Again, organizations within these bounds are able to receive the most beneficial tax status under section 501(c)(3).
The remaining organizations are deemed to be private foundations. Under that umbrella, the most common is the grant-making (non-operating) foundation, and the other is the private operating foundation, one that actively engages in its exempt activities.
Private operating foundations hold certain tax advantages, such as higher charitable deduction limits for donors.
The legal rule: a private operating foundation is any private foundation that meets the “assets test,” the “support test,” or the “endowment test” — and it must distribute substantially all (85% or more) of the lesser of its adjusted net income or minimum investment return.
In brief, the “asset test” considers whether the foundation directly devotes substantially more than half (65% or more) of its assets to its exempt activity or owning stock to control a corporation that does. The textbook example is museums and libraries. Next, the “support test” measures the portion of capital received from the general public and other exempt organizations, versus the foundation’s gross investment income. And last, the “endowment test” requires the foundation to distribute, directly for the active conduct of its exempt function, at least two-thirds of its minimum investment return.
Another Solution: Affiliate with an Existing Organization
An organization that lacks the resources to become a stand-alone 501(c)(3) organization can also consider affiliating with an existing 501(c)(3) organization. There, the organization would piggyback on the tax-exempt status of the other, receiving many of the same benefits.
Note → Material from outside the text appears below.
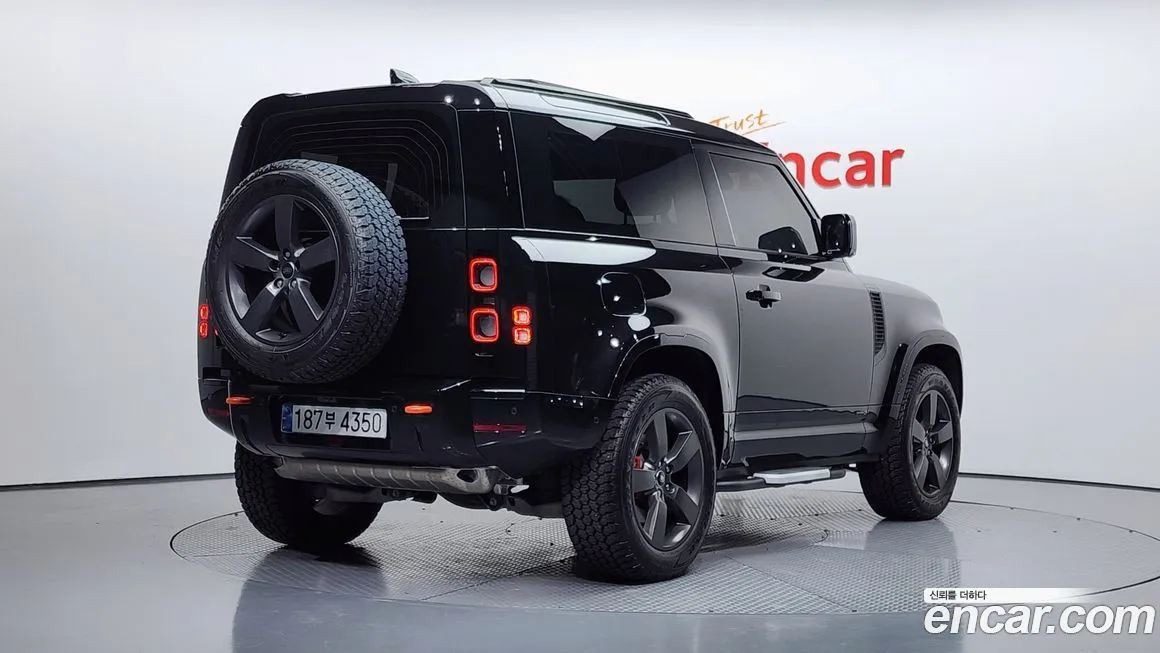 Land Rover Defender 2024 из KR, фото 2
One drawback, however, is that the organization looking to obtain exempt status must grant full control to the existing organization.
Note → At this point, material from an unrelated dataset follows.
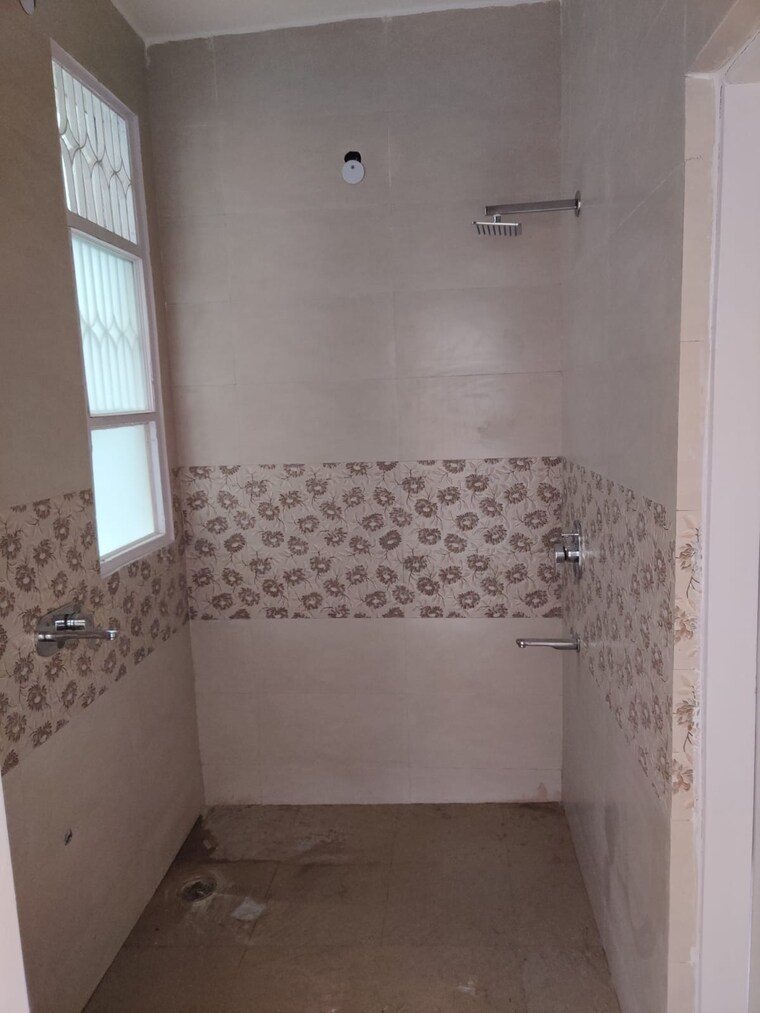 Bathroom, new palam vihar 2 Bedroom 1237 Sq.Ft. Builder Floor In New Palam Vihar Gurgaon 10091354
Time Required for the Application and Professionals
If you choose to complete the application yourself, be prepared to devote a substantial amount of time.
In its instructions, the IRS estimates according to its Paperwork Reduction Act Notice that Form 1023-EZ may require a total of 19 hours, 10 minutes to complete, and the longer Form 1023 could require 201 hours, 27 minutes. Tasks included in that estimate are: record-keeping, learning about the law and the form, preparing the form, and copying, assembling, and sending the form to the IRS.
Therefore, most organizations should team-up with legal counsel and a tax adviser, who can reduce the time and money spent on this project.
Why Obtain a 501(c)(3) Tax Exemption?
Why endure this process? In the end, a 501(c)(3) exemption is a key advantage for any nonprofit organization. Once the organization successfully navigates the maze of legal tests, categorizations, and information we’ve discussed, it adds to its credit:
- Exemption from federal income tax;
- Eligibility to receive tax-deductible charitable contributions; and
- Possible exemption from social security taxes for pastors.
The organization also may receive other intangible rewards, like the chance of increased donations, as individual and corporate donors are more likely to support organizations with 501(c)(3) status. Additionally, state and local officials may grant exemption from income, sales, or property taxes.
All things considered, the time and money to obtain a 501(c)(3) exemption is widely considered to be a worthwhile and worthy investment. And it’s one that will enable your organization to better steward the generous gifts entrusted to it.